En general, sí, con opciones que no provocan somnolencia, como la meclizina, pero prueba el medicamento en tierra antes de bucear con él, nunca bucees si has tomado comprimidos con un fuerte efecto sedante e informa a tu guía de buceo de lo que has tomado. La sedación agrava la narcosis por nitrógeno a profundidad. Afortunadamente, el mareo casi siempre mejora bajo el agua una vez que desciendes por debajo del movimiento de la superficie.
¿Me marearé en un crucero de buceo por Komodo?

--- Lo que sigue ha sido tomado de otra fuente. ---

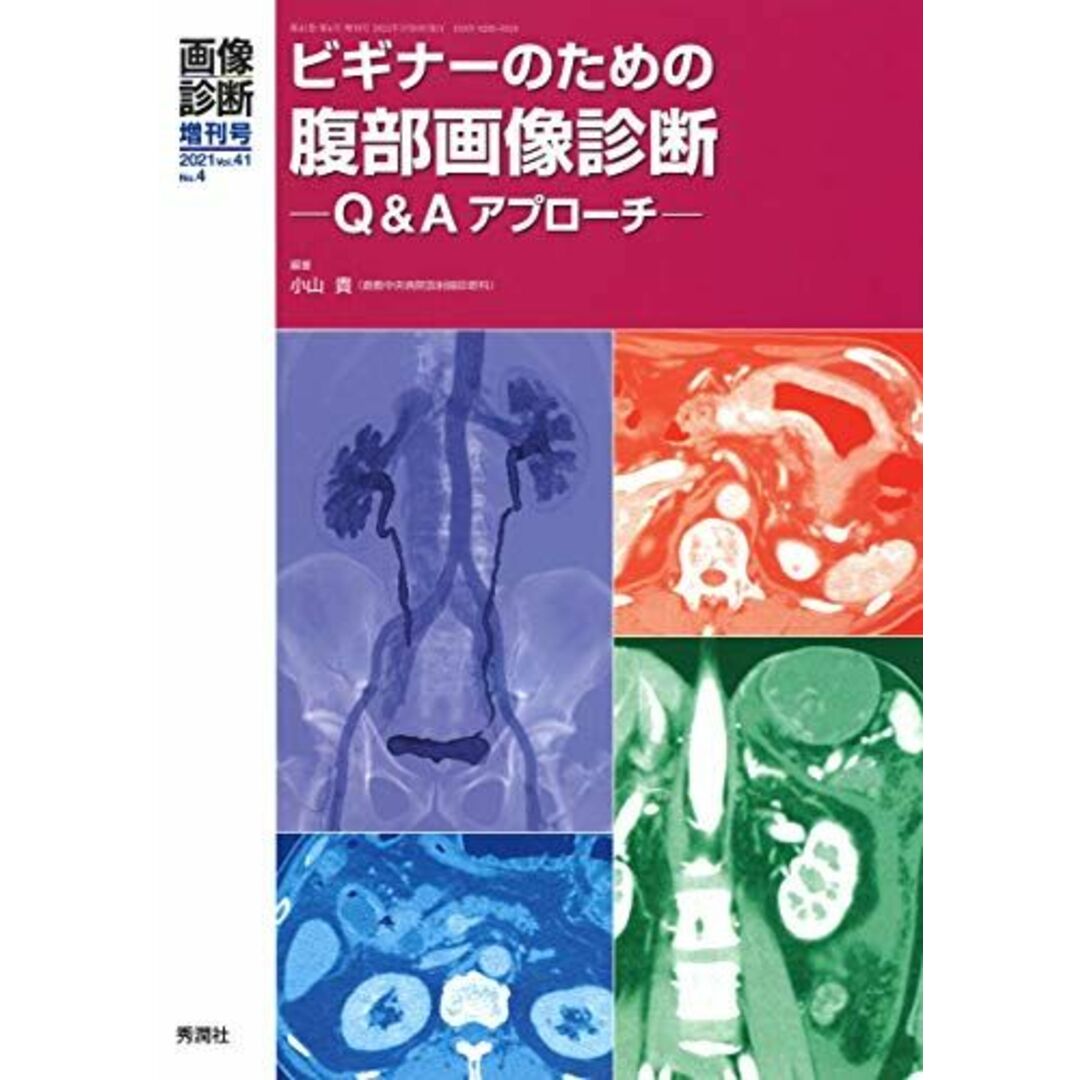 画像診断2021年増刊号(Vol.41 No.4): ビギナーのための腹部画像診断 Q&Aアプローチ (画像診断増刊号)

La mayoría de los pasajeros no lo hacen, sobre todo en las rutas del norte durante la estación seca, donde se pasan las noches en fondeaderos tranquilos y los trayectos diurnos entre los distintos lugares son cortos y a resguardo. Elige una embarcación más grande, reserva un camarote en la parte baja o central del barco y plantéate usar un parche de escopolamina la primera noche. La mayoría de las personas propensas se adaptan en uno o dos días —el clásico efecto de «acostumbrarse al mar»— y se sienten bien durante el resto del viaje.

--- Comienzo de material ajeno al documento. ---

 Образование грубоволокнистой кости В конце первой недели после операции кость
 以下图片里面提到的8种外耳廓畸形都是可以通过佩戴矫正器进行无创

¿Qué ayuda a combatir el mareo una vez que ya estás en el barco?
Actúa ante los primeros síntomas: fija la mirada en el horizonte, sal a la cubierta a tomar aire fresco, mantente agachado y en el centro del barco, mantén la cabeza firme e inmóvil, bebe agua a pequeños sorbos y deja de leer o mirar el móvil inmediatamente; las pantallas son el desencadenante más habitual. Nadar o hacer snorkel durante una parada suele eliminar por completo las náuseas. Una vez que los síntomas están muy avanzados, la medicación ya no surte el efecto deseado.
¿Debería comer antes de un paseo en barco si me mareo?

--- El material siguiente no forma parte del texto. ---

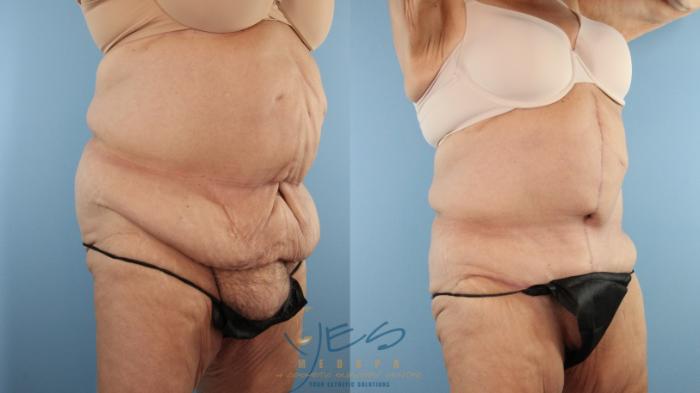Before & After Tummy Tuck Case 596 Right Oblique View in Vancouver, BC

Sí. El estómago vacío empeora el mareo, no lo alivia. Toma un desayuno ligero y suave —tostadas, arroz, plátanos, huevos— y acompáñalo con una taza de té de jengibre, un remedio natural de probada eficacia contra el mareo que funciona mejor si se toma antes de embarcar. Evita las comidas grasientas o ácidas, el café fuerte y el alcohol la noche anterior. El cansancio, la resaca y la deshidratación son los tres principales factores que agravan el mareo, así que duerme bien y sigue bebiendo agua a lo largo del día.